The task
Give again, word for word, the lines below that run from the line with "Queen Elizabeth II" through the line with "Sejumlah petugas Unit". Drop the pictures.

Dataset entries
===============

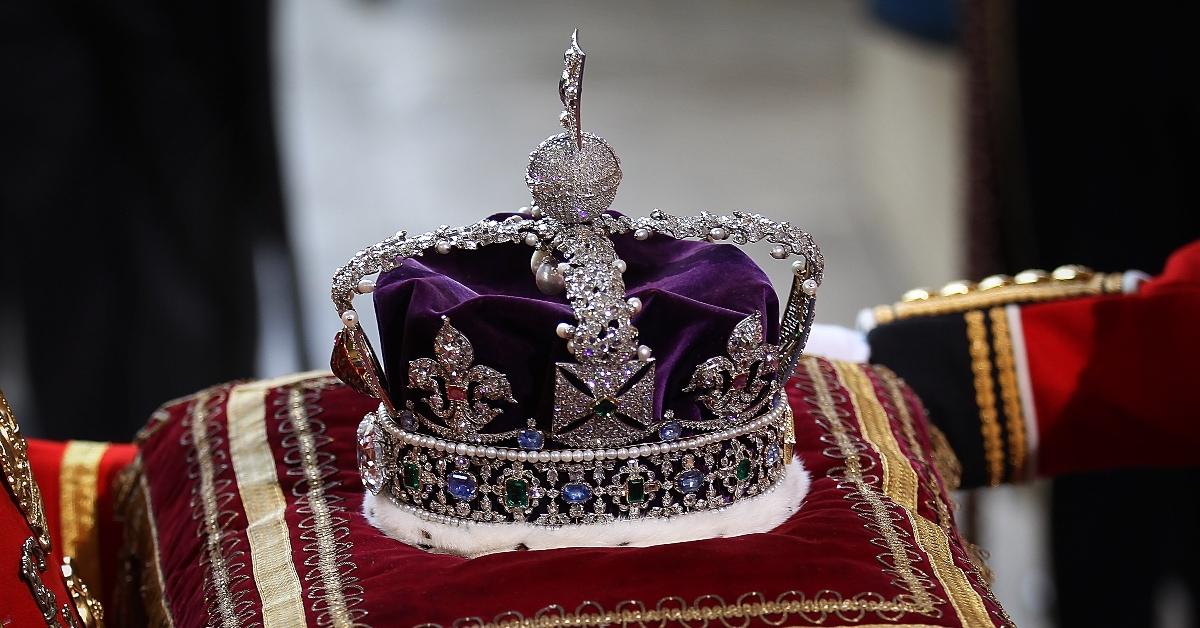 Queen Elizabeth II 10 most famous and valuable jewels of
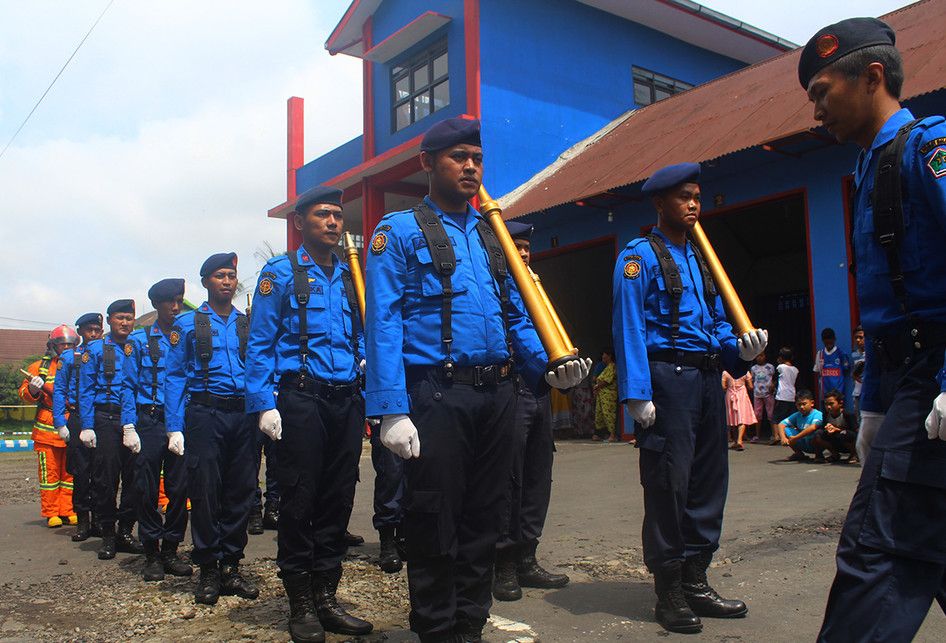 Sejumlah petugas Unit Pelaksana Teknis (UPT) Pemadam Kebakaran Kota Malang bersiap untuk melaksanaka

===============

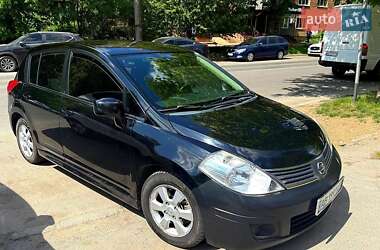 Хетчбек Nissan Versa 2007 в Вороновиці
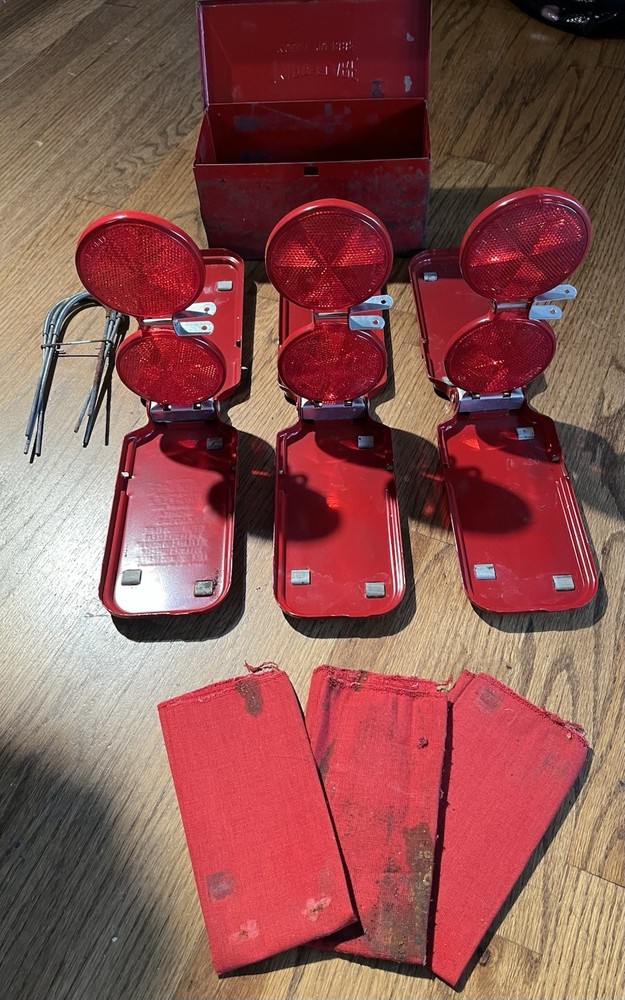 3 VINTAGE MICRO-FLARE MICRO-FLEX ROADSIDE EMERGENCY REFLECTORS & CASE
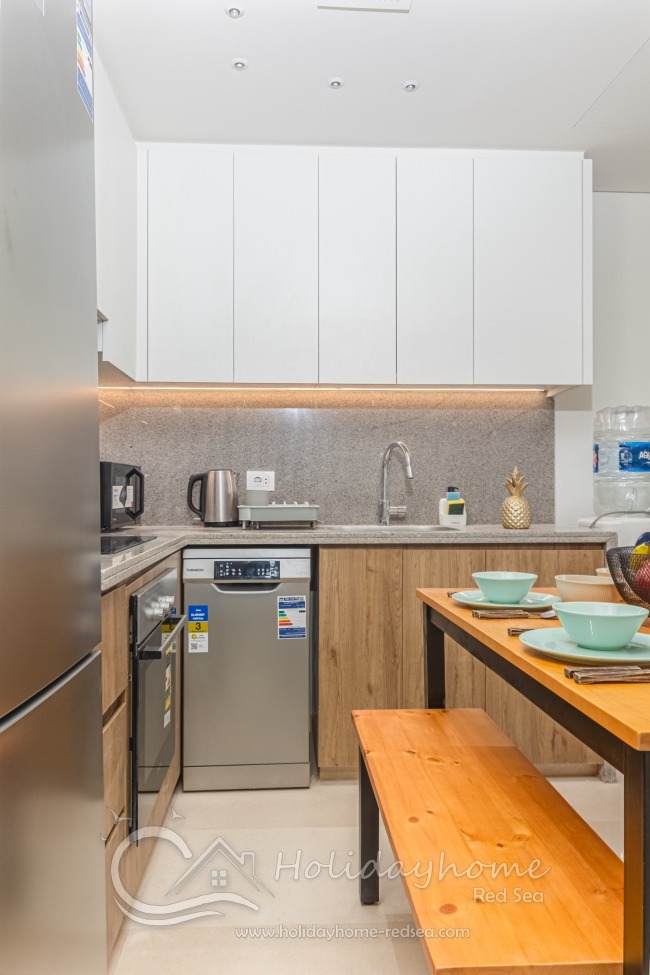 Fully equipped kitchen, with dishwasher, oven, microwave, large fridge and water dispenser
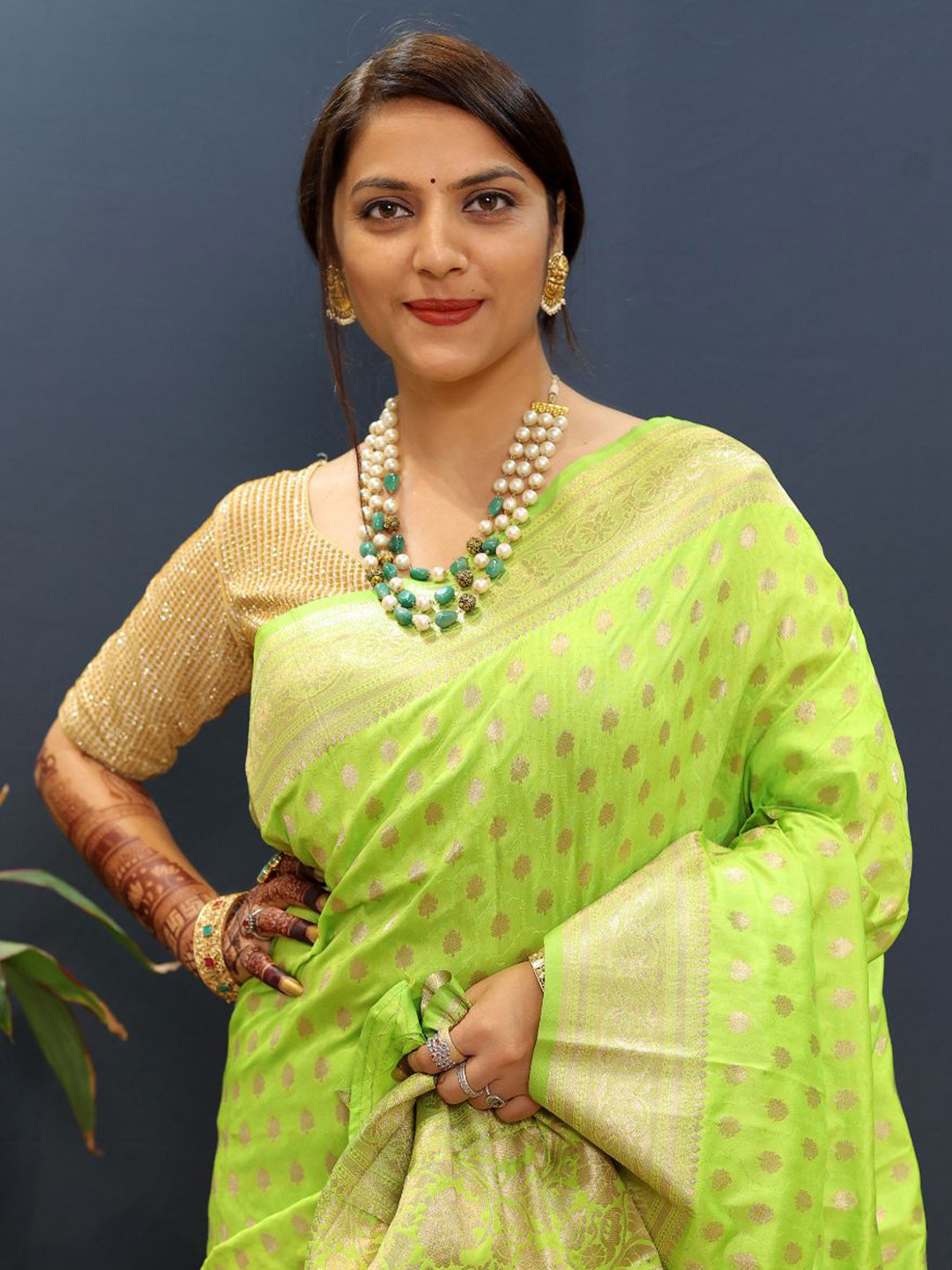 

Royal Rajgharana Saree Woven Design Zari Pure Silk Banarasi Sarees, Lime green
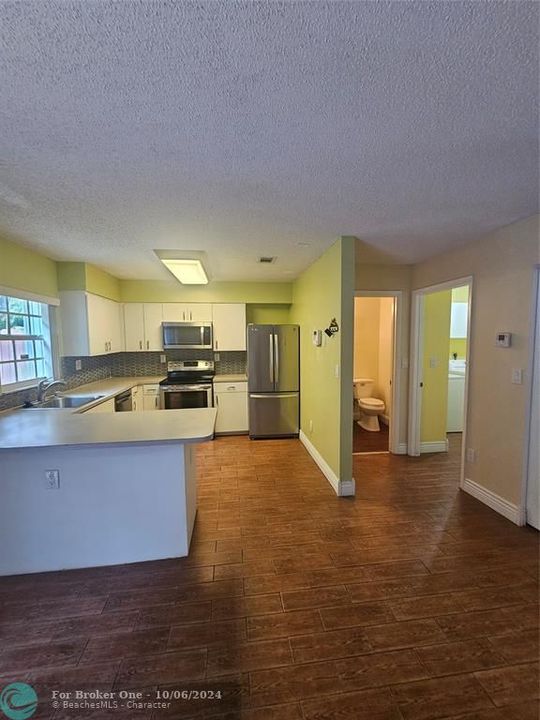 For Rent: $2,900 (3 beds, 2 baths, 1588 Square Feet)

===============

Answer box
 Queen Elizabeth II 10 most famous and valuable jewels of
 Sejumlah petugas Unit Pelaksana Teknis (UPT) Pemadam Kebakaran Kota Malang bersiap untuk melaksanaka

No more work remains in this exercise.